Secondo il card. Sako “i motivi di tutta questa distruzione risiedono innanzitutto in coloro che perseguono i propri interessi economici, politici, etnici e religiosi. Sono persone, anche religiose, che non riescono ad uscire da una visione tribale, medioevale, che non risponde alle attese del popolo. Così come il fondamentalismo e l’estremismo religioso. La violenza in nome della religione è un peccato, la corruzione è peccato, rubare è peccato. Il popolo è deluso ed è sceso in piazza. La gente ha fame, vive in miseria e chiede che fine fanno i proventi del petrolio. Vuole conoscere i piani di sviluppo, i progetti per scuole, ospedali, lavoro, infrastrutture”. L’Iraq ha bisogno di uno Stato moderno costruito sulla cittadinanza e sul rispetto dei diritti di tutti. Basta con i conflitti settari ed etnici, ogni cittadino ha diritto a vivere in pace, in libertà, in sicurezza e con dignità. Non ci sarà progresso se non si esce da questa visione tribale di cui parlavo prima. La Siria, l’Iraq, la Libia, lo Yemen sono Paesi ricchi di risorse e quindi capaci di donare prosperità ai loro abitanti e stabilità alla regione. Ma i loro politici sembrano non avere visioni politiche, idee e progetti, strategie da mettere in atto per progredire”.

Nonostante ciò il porporato vede “un cambiamento e una speranza”. Ma perché questo si realizzi è necessario che “le istituzioni pubbliche, le autorità religiose, quelle musulmane in testa, aiutino la gente a ragionare sulla fede e cercare un messaggio sociale e politico basato sulla tolleranza, sul rispetto della vita, sul diritto. L’Islam è chiamato a fare una riflessione di questo tipo, per cercare di capire dove è l’origine di tutto questo male, di tutti questi terroristi.
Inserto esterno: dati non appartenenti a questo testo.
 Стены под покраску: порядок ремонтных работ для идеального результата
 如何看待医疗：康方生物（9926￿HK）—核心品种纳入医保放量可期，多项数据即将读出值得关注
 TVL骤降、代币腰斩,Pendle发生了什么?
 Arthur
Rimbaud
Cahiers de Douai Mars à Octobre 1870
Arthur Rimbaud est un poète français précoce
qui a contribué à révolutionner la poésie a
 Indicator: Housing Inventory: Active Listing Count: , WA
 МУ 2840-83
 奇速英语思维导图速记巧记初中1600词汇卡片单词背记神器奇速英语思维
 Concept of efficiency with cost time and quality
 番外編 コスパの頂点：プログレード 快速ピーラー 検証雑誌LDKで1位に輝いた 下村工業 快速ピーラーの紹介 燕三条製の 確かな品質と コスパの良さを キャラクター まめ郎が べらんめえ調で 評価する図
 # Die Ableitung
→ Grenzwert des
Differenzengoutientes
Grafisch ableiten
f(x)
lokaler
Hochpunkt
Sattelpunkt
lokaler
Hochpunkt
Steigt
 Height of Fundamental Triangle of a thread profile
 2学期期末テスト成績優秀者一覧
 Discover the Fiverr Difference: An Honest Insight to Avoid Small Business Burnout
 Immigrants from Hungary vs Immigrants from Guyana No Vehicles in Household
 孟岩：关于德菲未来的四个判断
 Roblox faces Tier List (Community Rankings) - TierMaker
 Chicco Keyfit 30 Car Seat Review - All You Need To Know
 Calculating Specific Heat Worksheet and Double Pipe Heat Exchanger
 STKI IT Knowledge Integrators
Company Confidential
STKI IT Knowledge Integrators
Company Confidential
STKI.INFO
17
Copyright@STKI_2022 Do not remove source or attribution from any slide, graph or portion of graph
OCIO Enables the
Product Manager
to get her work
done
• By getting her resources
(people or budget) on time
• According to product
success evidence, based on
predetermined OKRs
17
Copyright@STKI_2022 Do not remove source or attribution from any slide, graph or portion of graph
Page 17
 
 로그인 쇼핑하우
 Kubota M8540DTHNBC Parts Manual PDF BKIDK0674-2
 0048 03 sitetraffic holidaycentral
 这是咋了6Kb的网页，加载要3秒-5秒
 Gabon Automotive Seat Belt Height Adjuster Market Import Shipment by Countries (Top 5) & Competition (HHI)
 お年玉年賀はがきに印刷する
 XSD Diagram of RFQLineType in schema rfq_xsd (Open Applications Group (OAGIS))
E da lì arrivare a formare una nuova cultura, non rigida ma rispettosa, aperta e moderata”. “I manifestanti – ricorda il patriarca – hanno protestato anche contro tutti coloro che in nome della religione hanno rubato distruggendo il Paese”. Il patriarca invoca una presa di coscienza davanti ai mali che affliggono l’Iraq e non solo. “Tutti diciamo di avere fede ma fede e religione sono due cose diverse. Possiamo seguire una religione senza avere la fede. E chi ha fede non può uccidere, rubare, violentare. Commette questi crimini chi ha una religione senza fede e chi la sfrutta a fini personali”. Alla presa di coscienza deve seguire poi l’assunzione delle proprie responsabilità. Chiaro il pensiero del cardinale: “la piaga della corruzione si combatte con il rispetto e l’applicazione delle leggi. Chi contravviene deve essere arrestato. Per fare questo serve un Governo forte. Il denaro rubato deve essere recuperato e usato per il bene di tutti e non di pochi. In gioco ci sono centinaia di miliardi dollari. Dove sono finiti? Che cosa ci hanno fatto? Tutti sappiamo che non dobbiamo prendere ciò che non ci appartiene. Nelle scuole, nelle moschee, ovunque si deve lavorare per formare rettamente le coscienze delle persone. È un lavoro lungo ma non più procrastinabile”.

Un ultimo pensiero il patriarca Sako lo rivolge a Papa Francesco: “la sua volontà è chiara, vuole venire in Iraq per portare un messaggio di speranza e riconciliazione, nello spirito del documento sulla fraternità umana di Abu Dhabi. La sua presenza qui in Iraq sarebbe un grandioso gesto di pace non solo per noi ma per tutto il Medio Oriente, a cominciare dalla vicina Siria”.